Question

If $log3 = 1.0986$ then the approximate value of $log\left( {9.01} \right)$ is
A) $2.1983$
B) $2.1893$
C) $2.1389$
D) $2.1789$

Answer 1

The derivative of a logarithmic function is the reciprocal of the argument. As always, the chain rule tells us to also multiply by the derivative of the argument.
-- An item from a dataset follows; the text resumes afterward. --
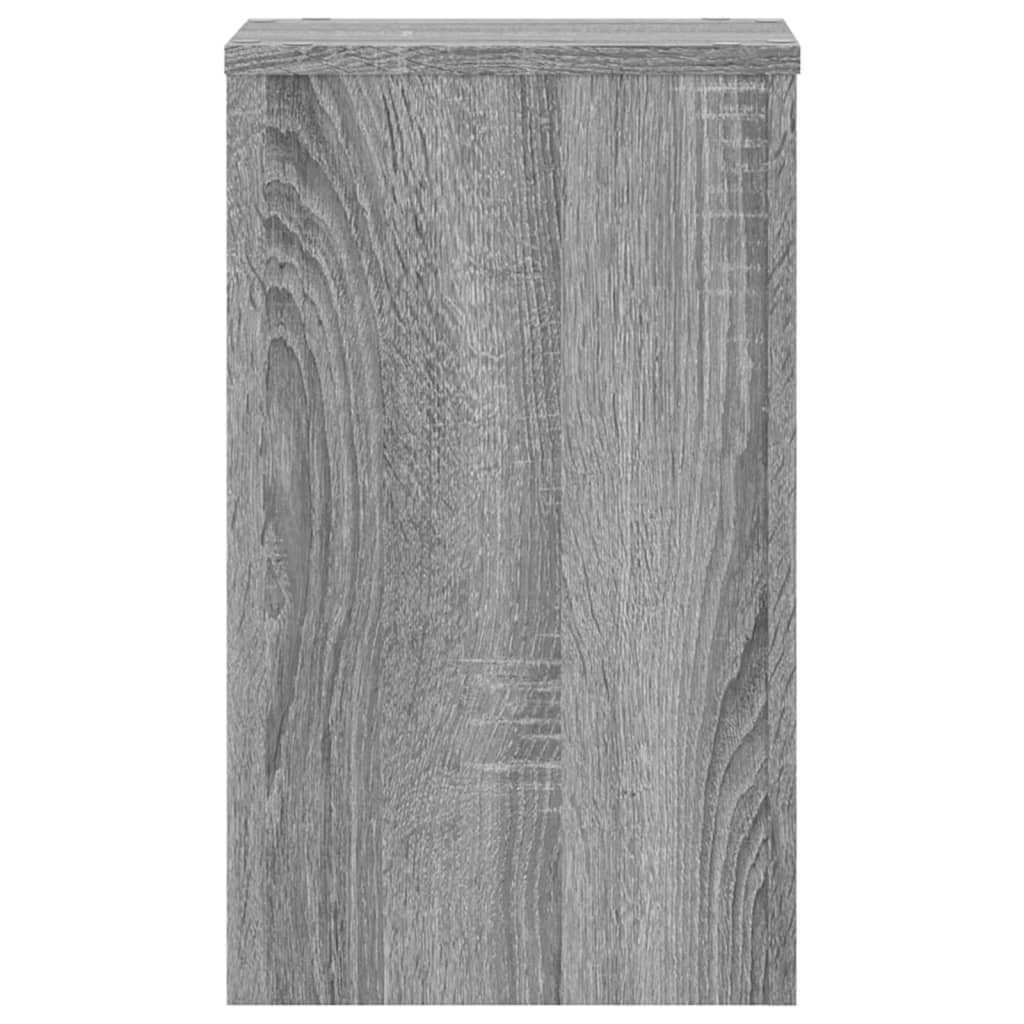 Plant Stands 2 pcs Sonoma Gray Engineered Wood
So if $f\left( x \right) = \log \left( u \right)$ then
$f'\left( x \right) = \dfrac{1}{u}.u'$; $\dfrac{d}{{dx}}(\log x) = \dfrac{1}{x}$; $\dfrac{d}{{dx}}\left( {lo{g_b}x} \right) = \dfrac{1}{{\left( {\log b} \right)x}}$
Basic Idea: the derivative of a logarithmic function is that of the reciprocal of the things inside.
Using the properties of logarithms will sometimes make the differentiation process easier.
The derivative of a logarithmic function has been proved by using first principles.

Complete step-by-step answer:
It is given within the problem $log3 = 1.0986$ and finds the approximate value of $log\left( {9.01} \right)$.
For this, we will assume that $y = logx$
When differentiating the equation, we get then, $\vartriangle x = \dfrac{{dy}}{{dx}} = \dfrac{1}{x}$
And when $x{\text{ = }}9$so we get $f'(x) = \vartriangle x = \dfrac{1}{9}$
Now, we will assume that $x{\text{ = }}9$,$\vartriangle x{\text{ = }}0.01$and $f(x + \vartriangle x) = log\left( {9.01} \right)$
Now, for finding the approximate value of $f(x + \vartriangle x) = log\left( {9.01} \right)$.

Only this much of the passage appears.